=== Begin Enclosure ===

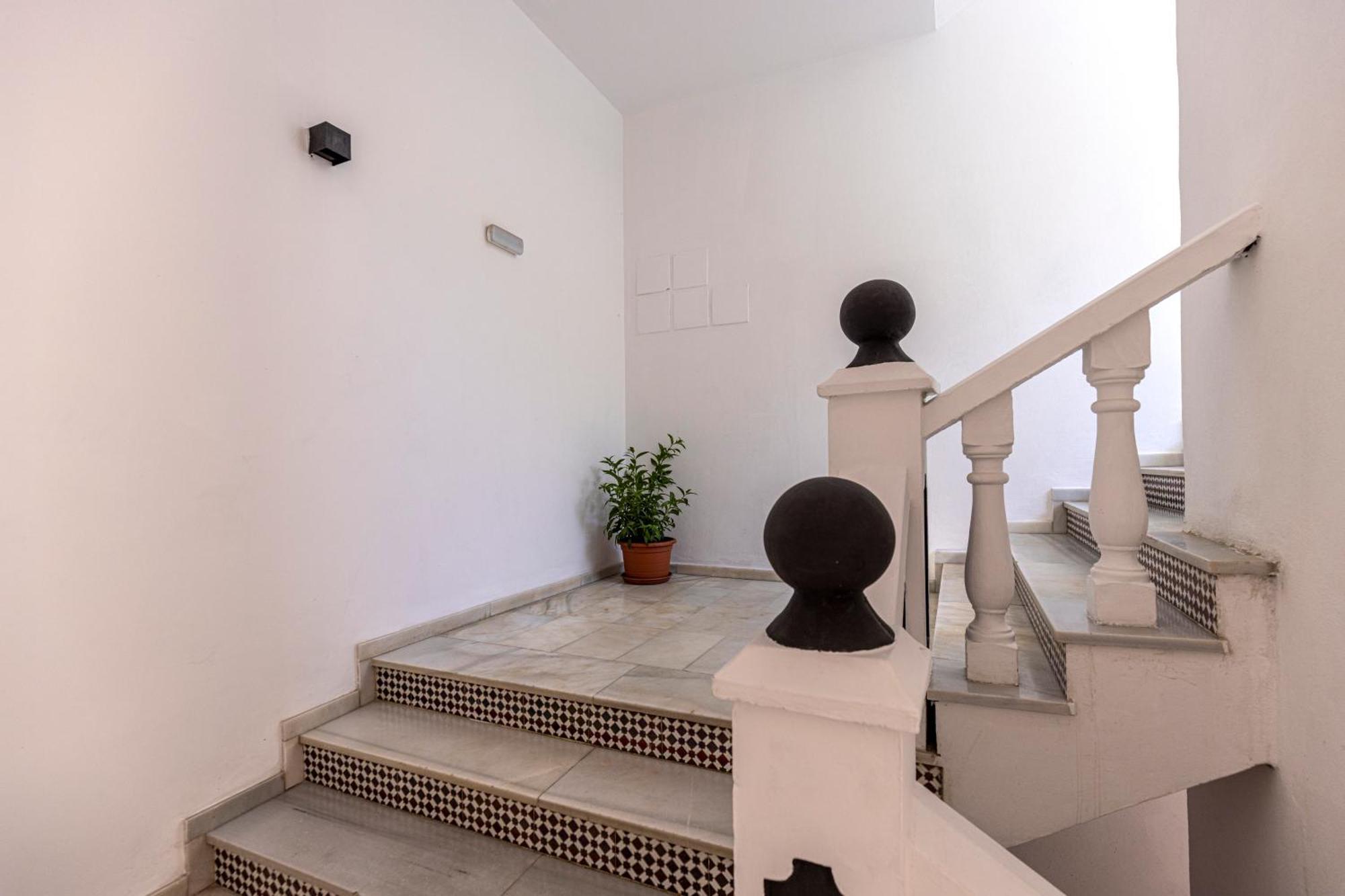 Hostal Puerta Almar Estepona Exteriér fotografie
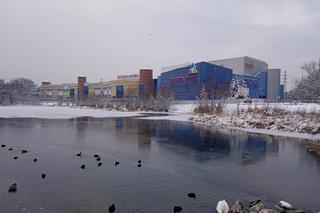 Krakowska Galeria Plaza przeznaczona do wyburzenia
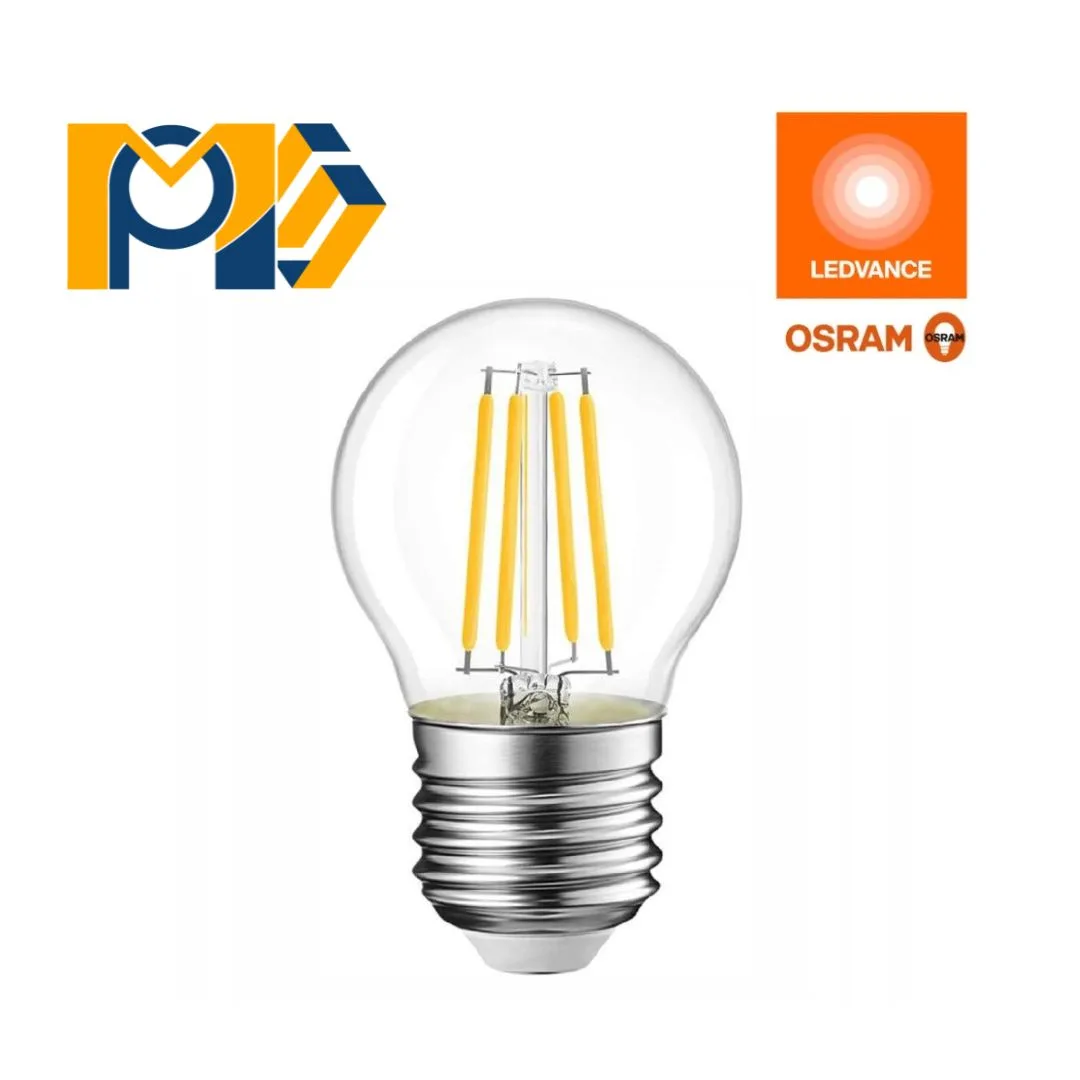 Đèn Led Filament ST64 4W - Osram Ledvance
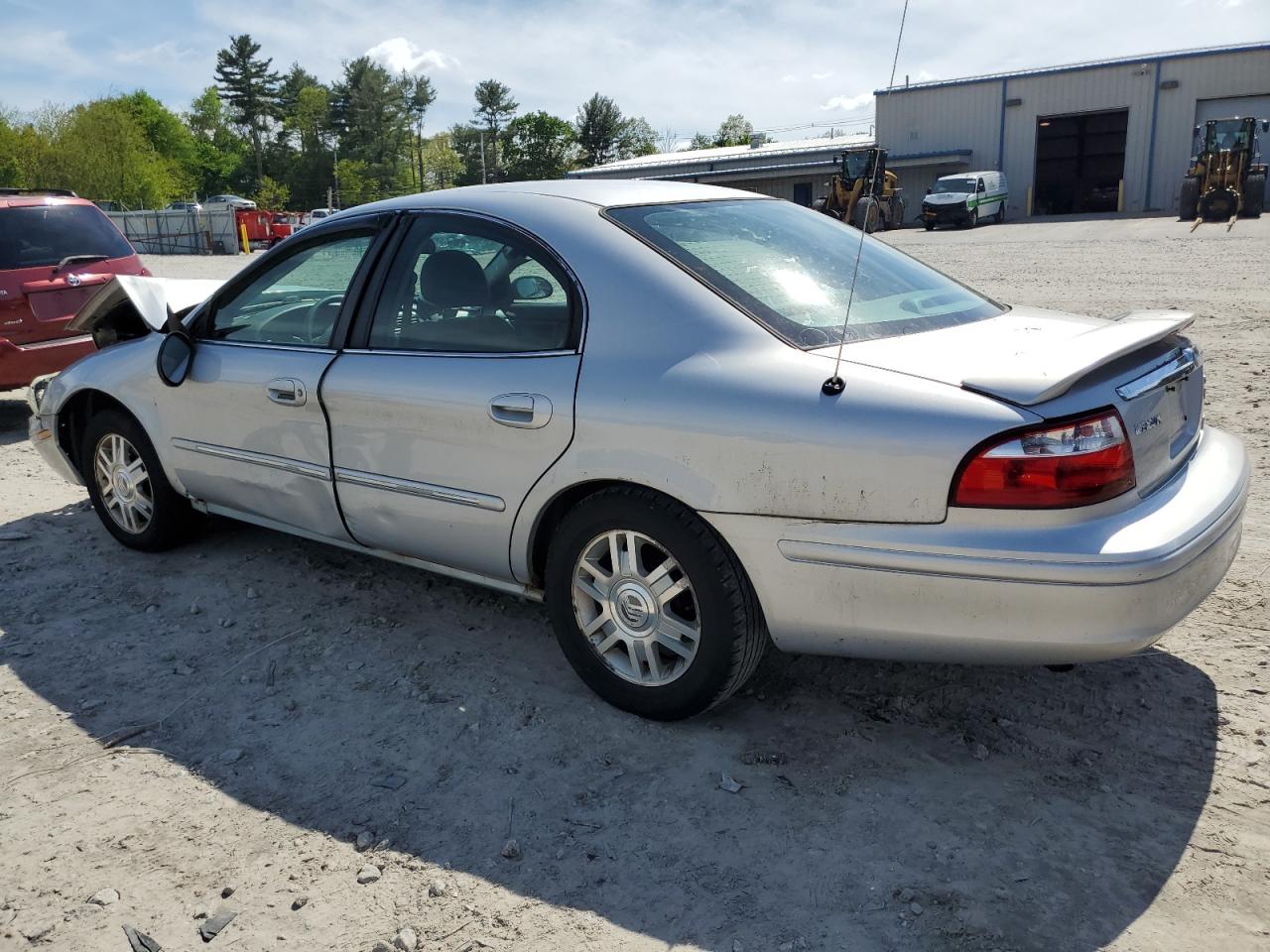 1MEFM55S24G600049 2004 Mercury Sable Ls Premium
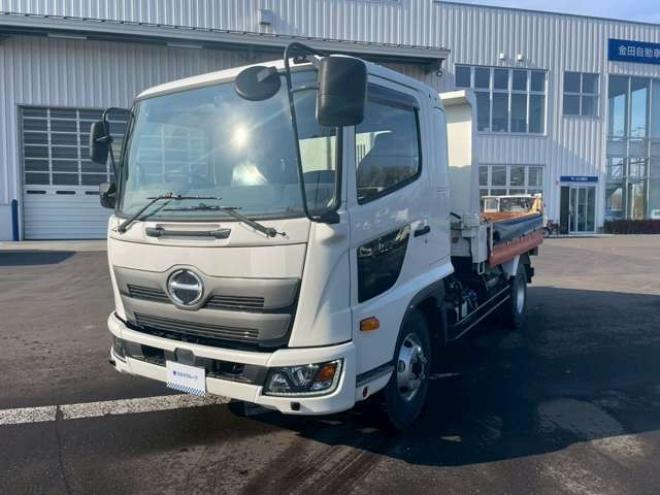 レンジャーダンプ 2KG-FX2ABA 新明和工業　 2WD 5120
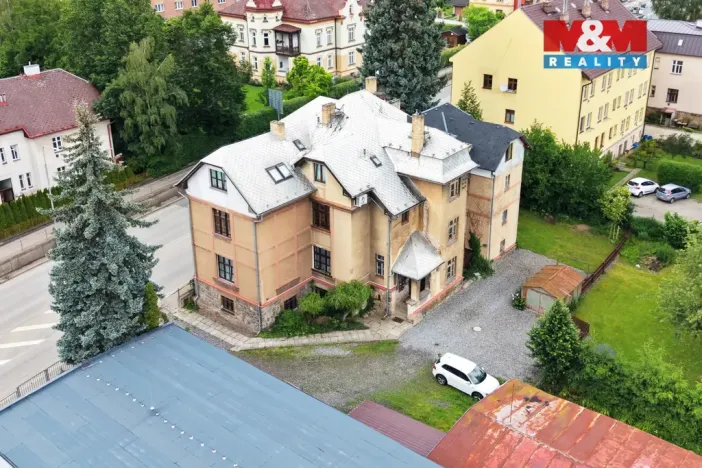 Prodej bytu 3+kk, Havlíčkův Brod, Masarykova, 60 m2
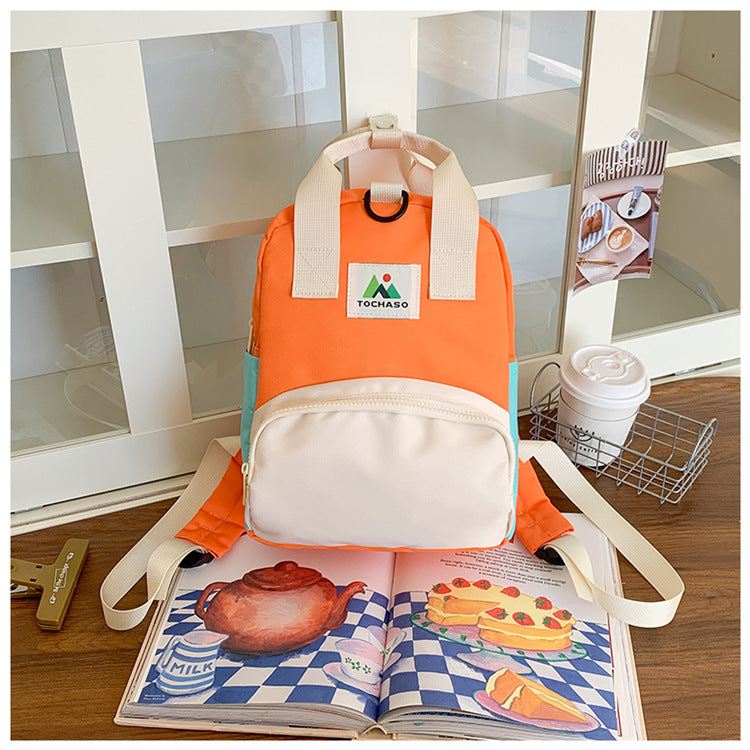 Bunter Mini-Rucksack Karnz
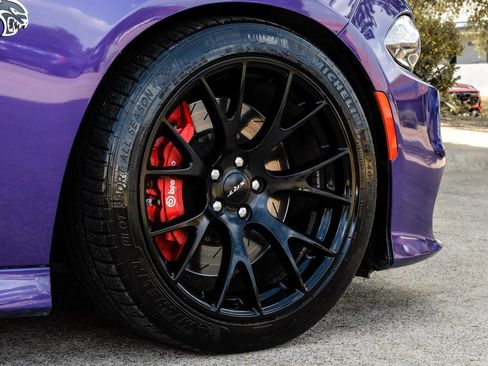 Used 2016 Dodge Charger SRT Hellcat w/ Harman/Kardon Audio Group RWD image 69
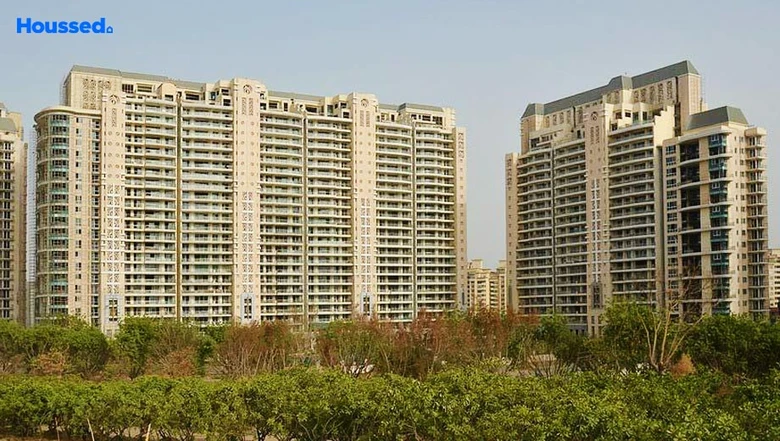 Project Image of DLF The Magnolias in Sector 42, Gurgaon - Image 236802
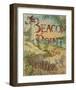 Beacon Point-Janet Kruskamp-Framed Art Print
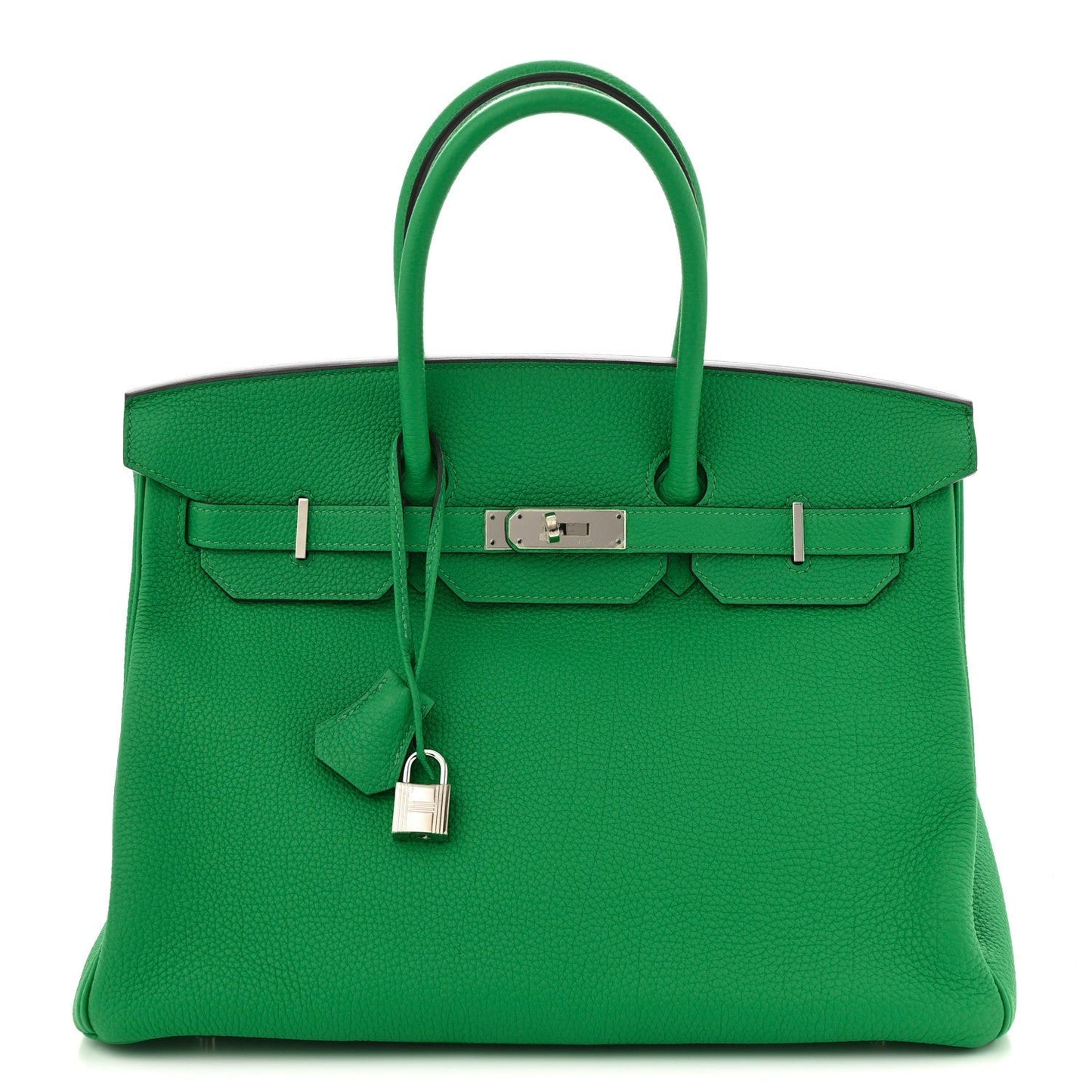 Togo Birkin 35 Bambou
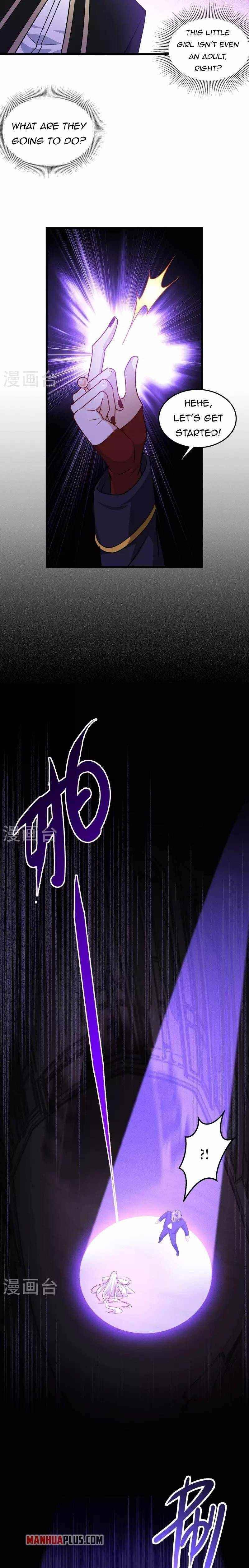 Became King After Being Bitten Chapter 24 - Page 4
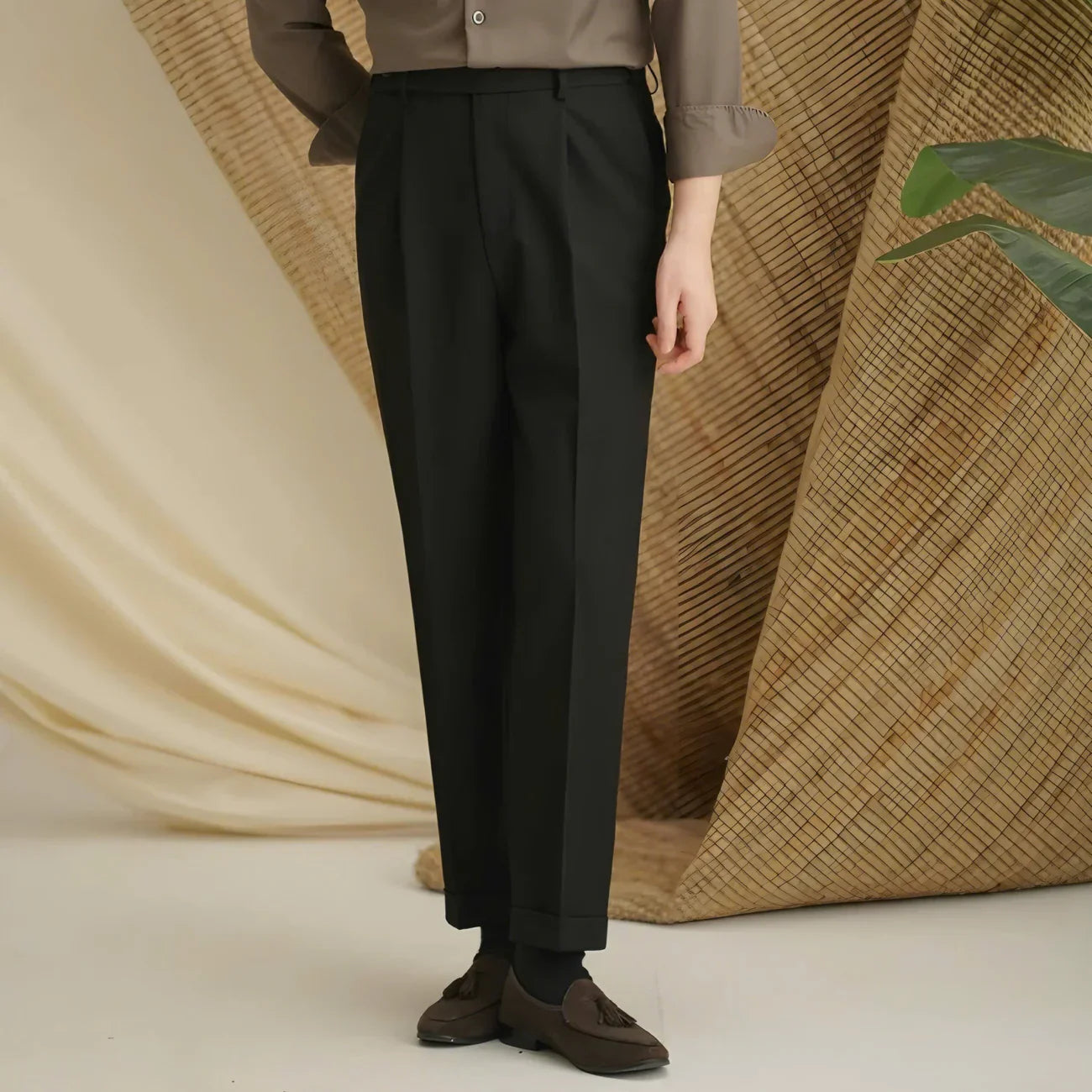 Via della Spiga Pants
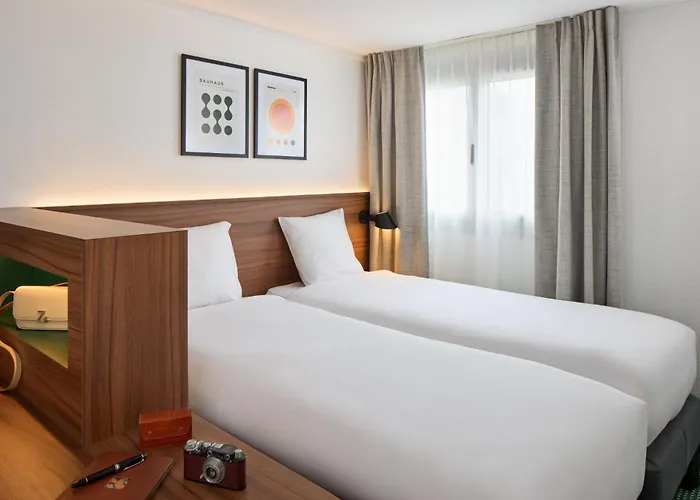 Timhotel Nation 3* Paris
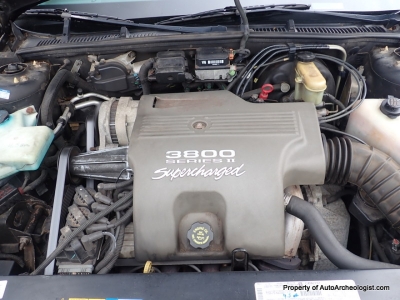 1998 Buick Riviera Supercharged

=== End Enclosure ===

WHAT TO DO:
Keep the pictures out and transcribe the entries exactly.

TASK OUTPUT:
 Hostal Puerta Almar Estepona Exteriér fotografie
 Krakowska Galeria Plaza przeznaczona do wyburzenia
 Đèn Led Filament ST64 4W - Osram Ledvance
 1MEFM55S24G600049 2004 Mercury Sable Ls Premium
 レンジャーダンプ 2KG-FX2ABA 新明和工業　 2WD 5120
 Prodej bytu 3+kk, Havlíčkův Brod, Masarykova, 60 m2
 Bunter Mini-Rucksack Karnz
 Used 2016 Dodge Charger SRT Hellcat w/ Harman/Kardon Audio Group RWD image 69
 Project Image of DLF The Magnolias in Sector 42, Gurgaon - Image 236802
 Beacon Point-Janet Kruskamp-Framed Art Print
 Togo Birkin 35 Bambou
 Became King After Being Bitten Chapter 24 - Page 4
 Via della Spiga Pants
 Timhotel Nation 3* Paris
 1998 Buick Riviera Supercharged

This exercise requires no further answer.